### GIVEN INFORMATION

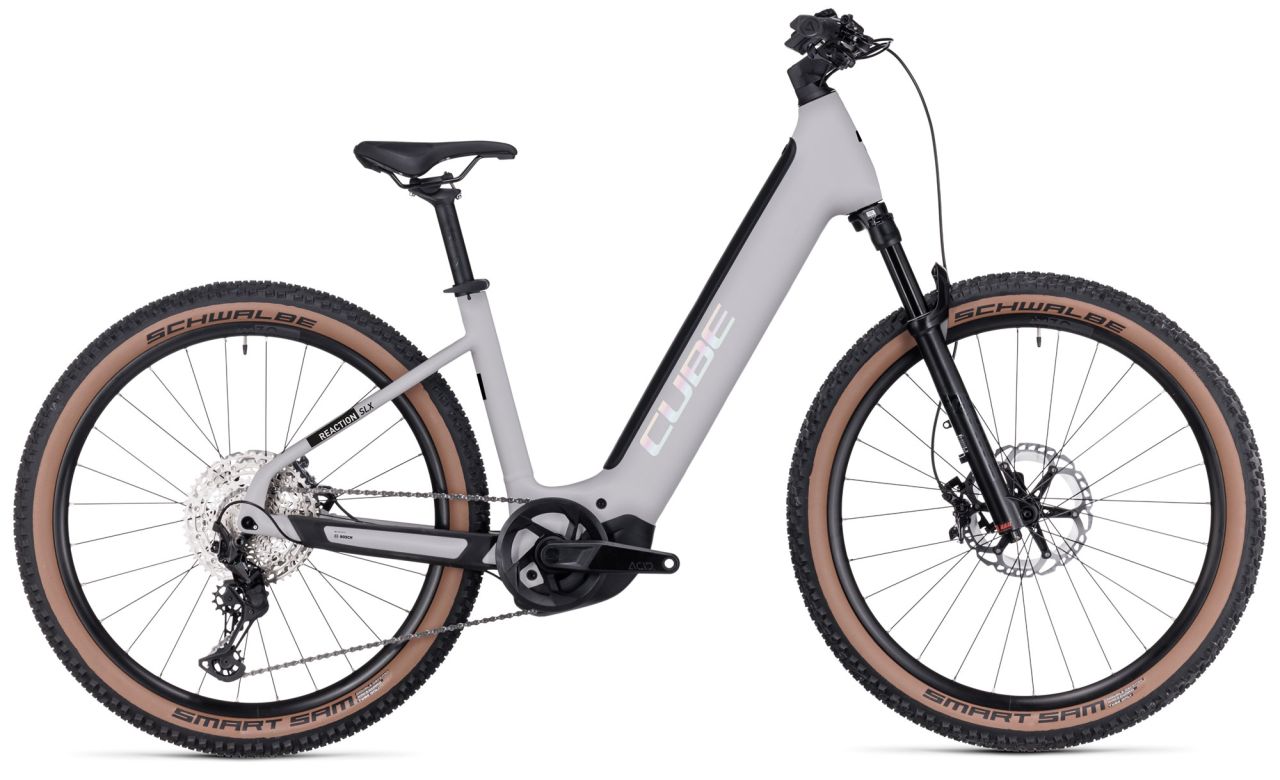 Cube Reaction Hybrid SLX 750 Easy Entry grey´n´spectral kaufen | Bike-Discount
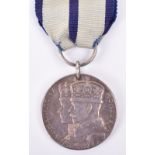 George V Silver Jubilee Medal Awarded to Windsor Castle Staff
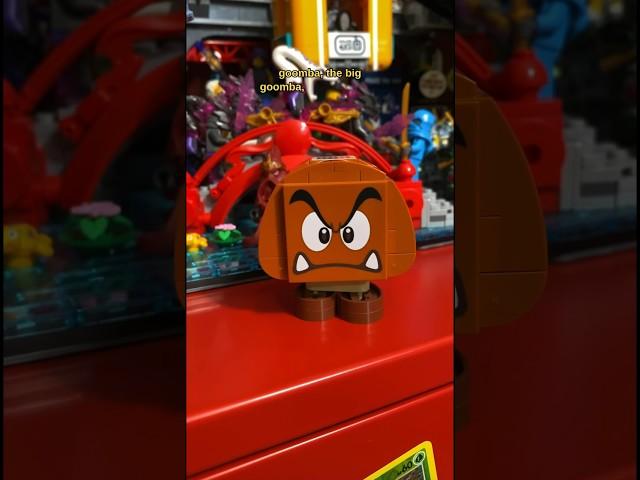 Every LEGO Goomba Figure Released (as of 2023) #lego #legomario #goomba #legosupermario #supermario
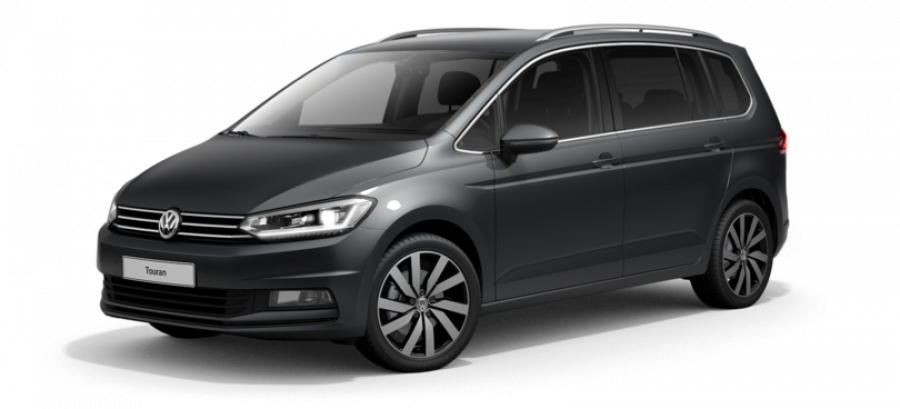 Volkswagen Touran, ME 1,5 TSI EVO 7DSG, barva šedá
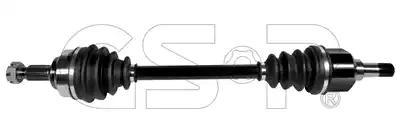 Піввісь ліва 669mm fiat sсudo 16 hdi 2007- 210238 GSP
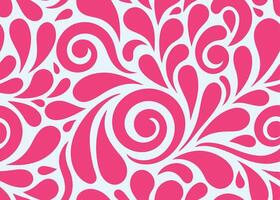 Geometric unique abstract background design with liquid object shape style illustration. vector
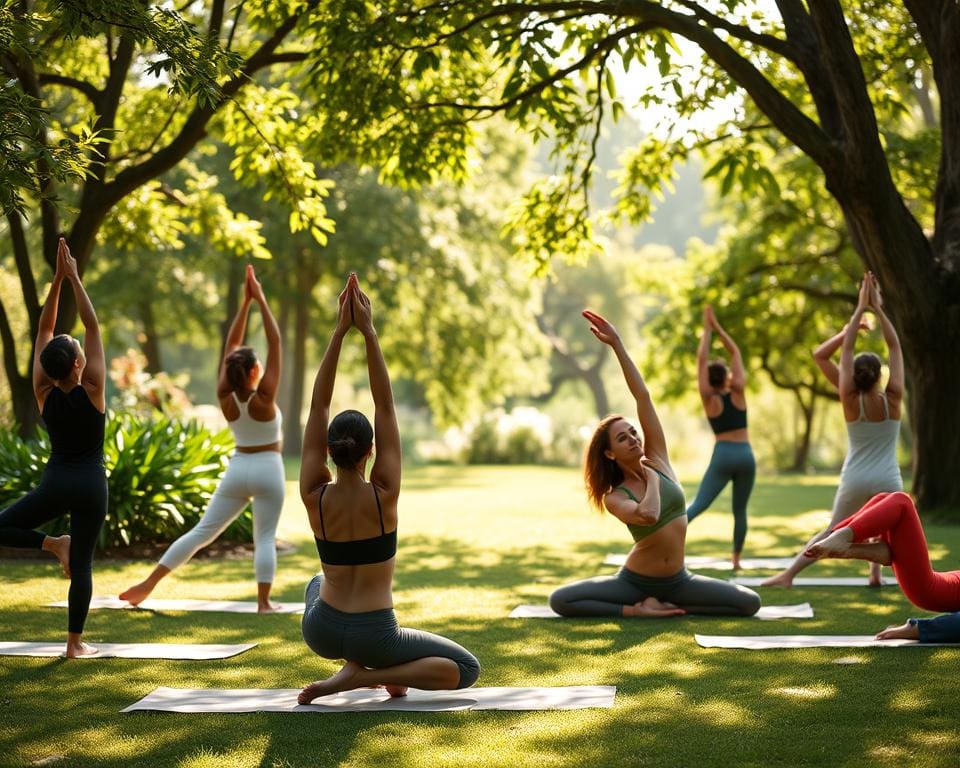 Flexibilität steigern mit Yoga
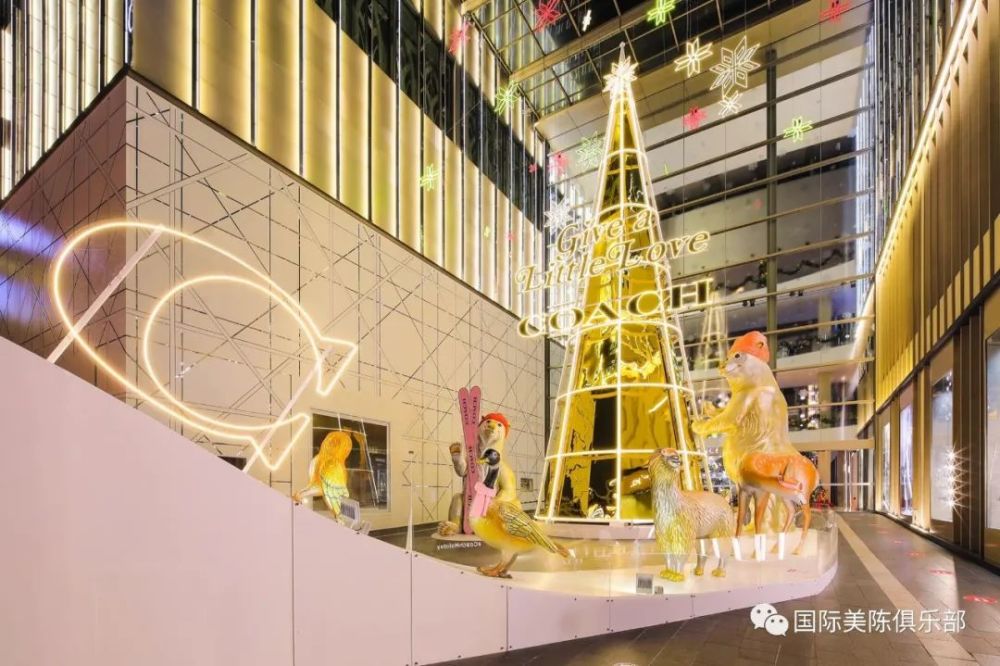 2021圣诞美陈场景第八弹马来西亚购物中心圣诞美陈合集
* * *
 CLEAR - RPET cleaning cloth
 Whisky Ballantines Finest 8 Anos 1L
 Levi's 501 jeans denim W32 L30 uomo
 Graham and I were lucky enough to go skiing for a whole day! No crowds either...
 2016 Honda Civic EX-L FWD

### REQUIRED ACTION
Output exactly those lines of the data above that run from the line with "Піввісь ліва 669mm" up to and including the line with "2021圣诞美陈场景第八弹马来西亚购物中心圣诞美陈合集". No pictures go in.

### REPLY
 Піввісь ліва 669mm fiat sсudo 16 hdi 2007- 210238 GSP
 Geometric unique abstract background design with liquid object shape style illustration. vector
 Flexibilität steigern mit Yoga
 2021圣诞美陈场景第八弹马来西亚购物中心圣诞美陈合集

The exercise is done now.